Every year, the appearance of white asparagus in the markets and supermarkets heralds the arrival of spring in Germany. An entire asparagus-eating etiquette has been developed for Spargelzeit, or asparagus season. Spargelzeit is a compound word built from the roots for Asparagus and Time. It is, quite literally, Asparagus-Time: each Asparagus-Time, with the pleasure of the first jacket-less days and special asparagus menus posted outside every restaurant, is more like the other Asparagus-Times than the Times Without Asparagus by which they are framed. To celebrate, each village with a significant asparagus-growing apparatus crowns its own Queen of Asparagus, who serves as the ambassador for her town and its crop. To quote the press release about this year’s Queen of Asparagus Beelitz, Gina-Luise Schrey, 20, who was awarded her position by the Board of the Beelitz Asparagus Association, "she has an equally beautiful and exciting job awaiting for her...she knows that the volunteer work of The Queen of Asparagus means a lot of effort. One date will chase the next: from the fields to the restaurants. She is already looking forward to the weeks when she can advertise it in dress and crown, with Schnitzel and Hollandaise sauce.” The Queen of Asparagus appears at street fairs in towns and cities, she distributes signed photographs in which she poses: sometimes clutching the stalks in her hands, sometimes distributing them from a basket, sometimes lying in the fields in her sash and gesticulating wildly, as if at the very fecundity of the Earth.

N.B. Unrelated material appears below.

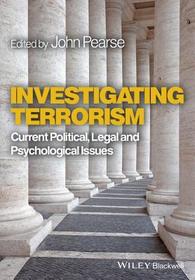 Investigating Terrorism ? Current Political, Legal and Psychological Issues: Current Political, Legal and Psychological Issues Investigating Terrorism ? Current Political, Legal and Psychological Issues: Current Political, Legal and Psychological Issues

Serving as The Queen of Asparagus is a major honor. A friend from a small town in the former East knew a girl who was selected in her senior year of high school. No one saw her for months, she was so busy with her duties. Of his town, this friend said recently, on Facebook, everyone who hasn't fled to the cities are, and I quote: "a) afraid, b) bitter, c) accommodating themselves, d) Nazis themselves or e) laudable exceptions." It is in these towns in the former East, in regions with high unemployment, where the high-speed trains that go from city to city do not stop and where town centers are full of boarded-up shops, that the Queens of Asparagus are most prominent.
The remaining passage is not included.